Records for the exercise:
################
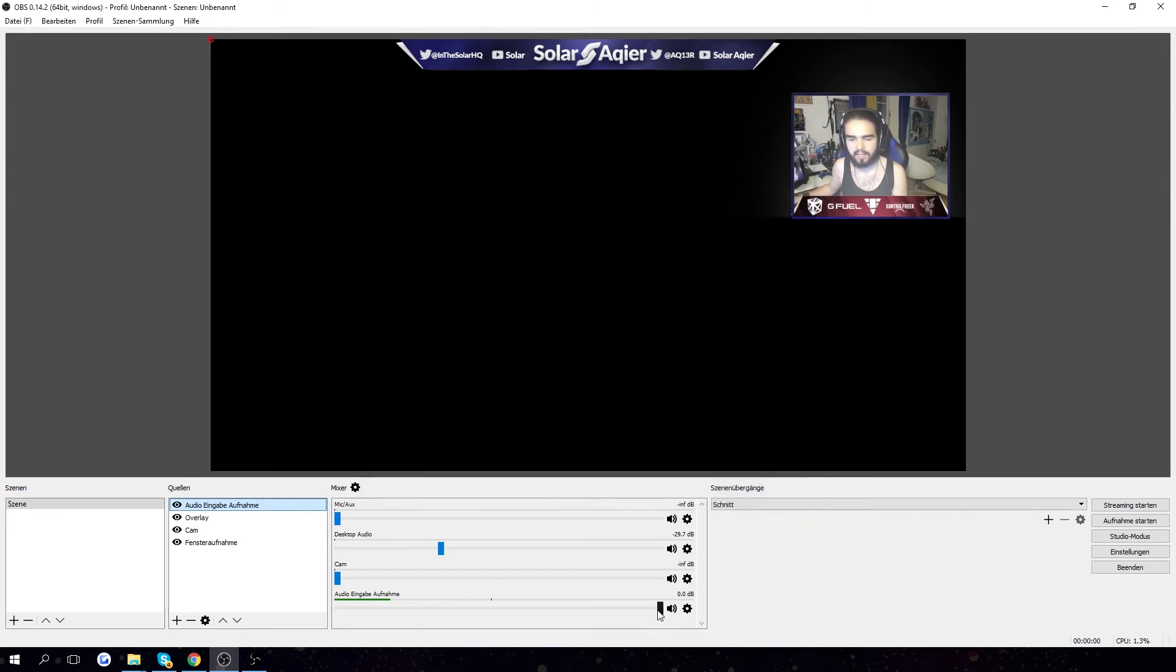Press OK. We got a new audio layer here and you're gonna put it up however loud you want it to be.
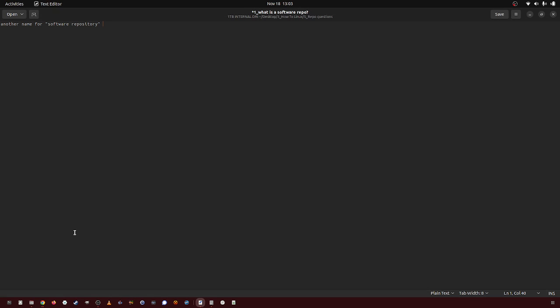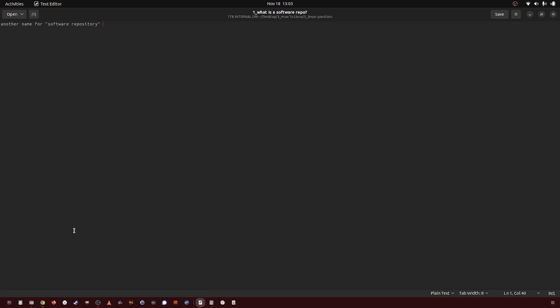In this video I'm going to be very quickly answering what is a software repo. A software repo is just a shortening of software repository. Instead of saying the full word software repository, people say software repo for short. That's all it is — it's just another name for software repository.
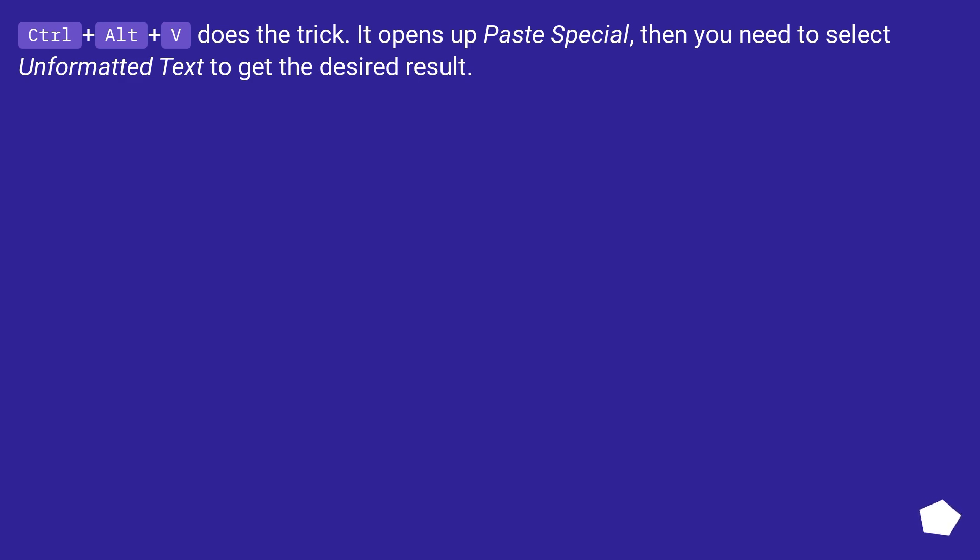Control plus Alt plus V is the trick. It opens up paste special, then you need to select unformatted text to get the desired result.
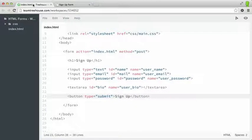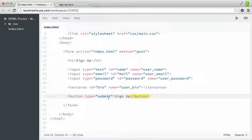Similar to the text area element, buttons are not self-closing — they require an opening and a closing tag. The type attribute in this particular case is submit, but there are two other types called reset and button.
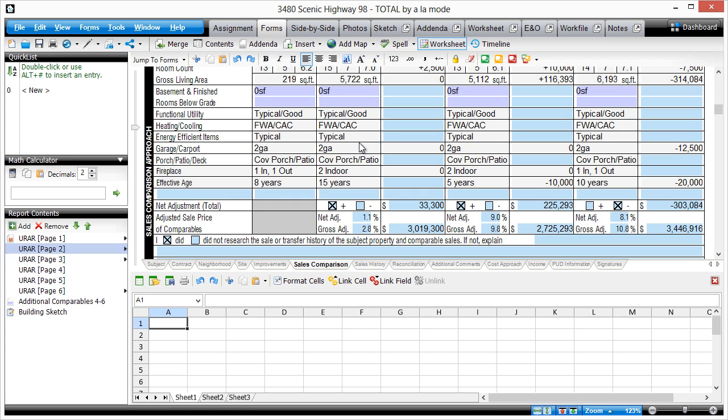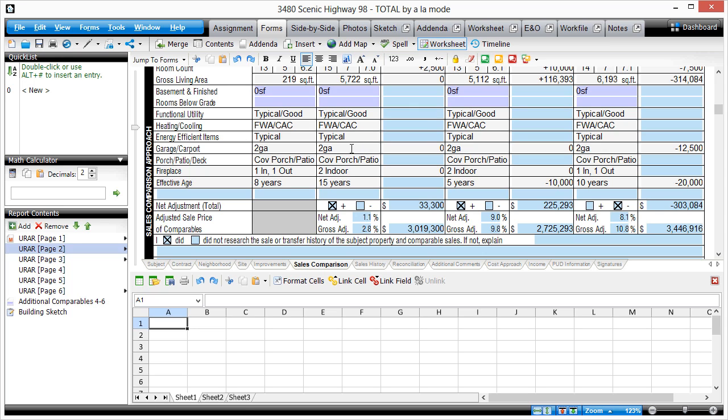Start with the form that contains the data you want and open the worksheet. Link the form field down into the worksheet.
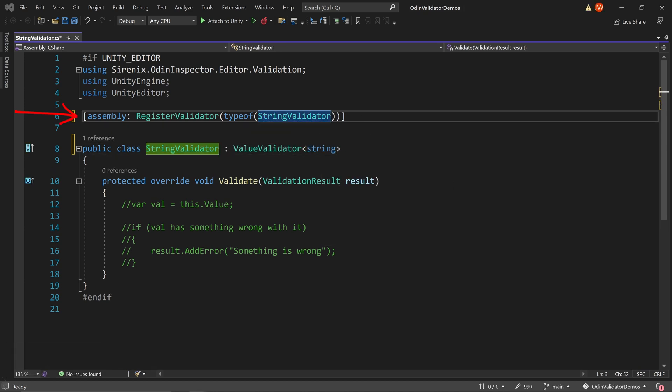When registering the validator or rule, the type needs to match the class name, and the base class's generic argument needs to be the type that is being validated. For this first example, we'll be validating the string.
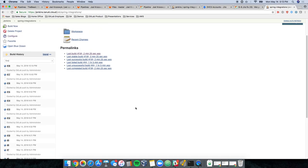And there you go. Jira, GitLab, and Jenkins, all working together.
################
Directions:
Beginning with the line that contains "Start with the" in the data above, please copy each line exactly until the last line, both ends included, skipping any pictures.

Your solution:
Start with the form that contains the data you want and open the worksheet. Link the form field down into the worksheet.
When registering the validator or rule, the type needs to match the class name, and the base class's generic argument needs to be the type that is being validated. For this first example, we'll be validating the string.
And there you go. Jira, GitLab, and Jenkins, all working together.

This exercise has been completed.